La tappa si svolge come da copione, fin dalla fuga di Manuele Tarozzi della Bardiani. La Lidl-Trek fa il ritmo per il favorito numero uno, Mads Pedersen. I velocisti più puri, i gregari, chi ha dimenticato a casa le gambe e Thymen Arensman, che non imbrocca mai le prime tappe di un Giro d’Italia e non si sa perché, si staccano. Giulio Ciccone detta il ritmo sulla seconda ascesa verso Surrel – la località in collina sopra Tirana, una specie di Bergamo Alta per Bergamo – e la sua andatura screma ulteriormente il gruppo, tanto che perfino Wout Van Aert perde posizioni.
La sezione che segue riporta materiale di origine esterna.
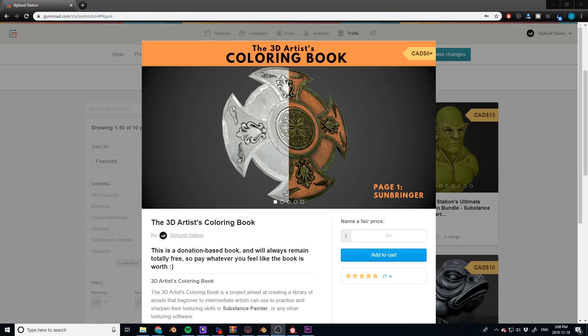So before we get started, all of my texturing buddies, my UV friends over here, I've come up with a new, brand new, really good idea. It's a completely free product and it kind of exploded yesterday. So I just want to share it with you guys.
Alcuni dei protagonisti di questo Giro d’Italia alla conferenza stampa pre-gara. Da sinistra: Carapaz, Bernal, Ayuso, Roglic, Van Aert, Ciccone, Pidcock (foto dell'autore).

Non importa quale Giro d’Italia degli ultimi anni stai guardando, c’è sempre un treno della Lidl-Trek pronto a fare il bello e il cattivo tempo in volata. L’anno scorso era Simone Consonni il pesce pilota di Jonathan Milan, quest’anno c’è Mathias Vacek per Mads Pedersen. Il campione del mondo di Harrogate 2019 diventa la prima maglia rosa nella storia della Danimarca senza che nessuno provi più di tanto a rompere i piani della Lidl-Trek: non ci prova Pidcock in discesa, tantomeno gli uomini di classifica in salita.

La sorpresa è Francesco Busatto. «Sono molto emozionato», aveva confidato il ventiduenne di Bassano del Grappa alla partenza di Durazzo «Sarà il mio primo Giro e, insomma, non so neanch’io cosa aspettarmi. Penso di stare bene, sarebbe già tanta roba se oggi fossi già là davanti, col primo gruppo all’arrivo». Non solo il vincitore della Liegi Under 23 è arrivato col gruppo dei migliori, ha pure fatto quarto in volata e veste la maglia bianca di miglior giovane. Chi segue il ciclismo giovanile lo conosce da anni, per tutti gli altri: ne sentiremo parlare ancora a lungo.

LA CRONOMETRO A TIRANA

Sull’ultima discesa verso il traguardo di Tirana, una caduta ha coinvolto diversi corridori tra cui Geoffrey Bouchard e Mikel Landa. Entrambi costretti al ritiro, saranno due assenze significative: se il primo vinse la maglia azzurra di miglior scalatore al Giro 2021, Landa era forse all’ultima possibilità di tornare sul podio di un Grand Tour. La Soudal Quick-Step ha fatto sapere che per il basco si tratta di frattura ad una vertebra: se non è la fine della carriera di uno dei ciclisti più tragici, incompiuti e sfortunati dell’epoca contemporanea, poco ci manca.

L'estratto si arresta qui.